> Records for the task:

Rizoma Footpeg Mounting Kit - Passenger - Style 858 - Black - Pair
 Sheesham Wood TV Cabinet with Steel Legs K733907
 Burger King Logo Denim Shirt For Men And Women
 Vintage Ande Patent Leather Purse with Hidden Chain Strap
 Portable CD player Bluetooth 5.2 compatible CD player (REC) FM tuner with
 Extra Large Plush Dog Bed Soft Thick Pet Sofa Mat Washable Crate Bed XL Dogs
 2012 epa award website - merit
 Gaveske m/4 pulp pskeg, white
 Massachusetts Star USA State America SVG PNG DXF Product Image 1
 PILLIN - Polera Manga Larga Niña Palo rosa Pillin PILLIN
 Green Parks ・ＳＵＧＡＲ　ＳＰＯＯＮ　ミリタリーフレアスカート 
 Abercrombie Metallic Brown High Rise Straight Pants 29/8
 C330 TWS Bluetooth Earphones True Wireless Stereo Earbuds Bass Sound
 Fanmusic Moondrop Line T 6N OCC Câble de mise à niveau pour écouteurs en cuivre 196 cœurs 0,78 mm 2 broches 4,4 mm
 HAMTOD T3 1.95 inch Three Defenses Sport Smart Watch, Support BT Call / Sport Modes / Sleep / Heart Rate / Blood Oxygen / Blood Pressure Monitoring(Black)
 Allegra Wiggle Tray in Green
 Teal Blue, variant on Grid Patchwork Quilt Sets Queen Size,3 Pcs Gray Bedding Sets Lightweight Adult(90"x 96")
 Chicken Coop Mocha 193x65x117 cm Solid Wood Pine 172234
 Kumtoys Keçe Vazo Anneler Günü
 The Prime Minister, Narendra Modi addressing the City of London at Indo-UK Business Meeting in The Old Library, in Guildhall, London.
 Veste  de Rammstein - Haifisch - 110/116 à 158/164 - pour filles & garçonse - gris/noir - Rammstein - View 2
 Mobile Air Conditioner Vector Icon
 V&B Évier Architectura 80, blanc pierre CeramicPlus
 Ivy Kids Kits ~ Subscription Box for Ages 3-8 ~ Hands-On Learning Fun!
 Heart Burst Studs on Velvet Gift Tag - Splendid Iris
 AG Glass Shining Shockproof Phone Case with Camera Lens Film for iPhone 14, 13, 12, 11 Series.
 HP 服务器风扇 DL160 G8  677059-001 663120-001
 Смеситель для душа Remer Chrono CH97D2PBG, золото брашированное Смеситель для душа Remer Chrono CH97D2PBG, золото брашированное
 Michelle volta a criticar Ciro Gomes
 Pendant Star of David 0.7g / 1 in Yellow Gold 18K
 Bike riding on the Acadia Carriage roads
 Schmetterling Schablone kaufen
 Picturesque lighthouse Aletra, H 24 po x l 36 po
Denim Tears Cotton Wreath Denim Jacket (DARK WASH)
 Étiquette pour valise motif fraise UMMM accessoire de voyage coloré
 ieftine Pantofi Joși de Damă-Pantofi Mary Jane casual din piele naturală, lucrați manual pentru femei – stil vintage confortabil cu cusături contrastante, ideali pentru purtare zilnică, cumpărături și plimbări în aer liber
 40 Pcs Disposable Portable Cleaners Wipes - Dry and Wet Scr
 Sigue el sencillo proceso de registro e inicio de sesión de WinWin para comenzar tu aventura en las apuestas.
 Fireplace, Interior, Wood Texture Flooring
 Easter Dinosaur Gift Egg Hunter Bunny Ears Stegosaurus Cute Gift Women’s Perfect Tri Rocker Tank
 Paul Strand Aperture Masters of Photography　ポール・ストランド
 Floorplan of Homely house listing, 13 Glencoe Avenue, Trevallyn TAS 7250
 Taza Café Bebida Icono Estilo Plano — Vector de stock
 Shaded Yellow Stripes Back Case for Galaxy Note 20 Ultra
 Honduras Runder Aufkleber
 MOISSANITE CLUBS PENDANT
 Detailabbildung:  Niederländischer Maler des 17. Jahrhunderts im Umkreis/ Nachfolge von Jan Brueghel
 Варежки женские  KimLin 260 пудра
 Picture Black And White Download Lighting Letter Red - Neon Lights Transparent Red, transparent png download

> Your goal:
Please copy, exactly as written, every line in the listing above from the line with "The Prime Minister, Narendra" up to and including the line with "HP 服务器风扇 DL160".

> Problem solution:
 The Prime Minister, Narendra Modi addressing the City of London at Indo-UK Business Meeting in The Old Library, in Guildhall, London.
 Veste  de Rammstein - Haifisch - 110/116 à 158/164 - pour filles & garçonse - gris/noir - Rammstein - View 2
 Mobile Air Conditioner Vector Icon
 V&B Évier Architectura 80, blanc pierre CeramicPlus
 Ivy Kids Kits ~ Subscription Box for Ages 3-8 ~ Hands-On Learning Fun!
 Heart Burst Studs on Velvet Gift Tag - Splendid Iris
 AG Glass Shining Shockproof Phone Case with Camera Lens Film for iPhone 14, 13, 12, 11 Series.
 HP 服务器风扇 DL160 G8  677059-001 663120-001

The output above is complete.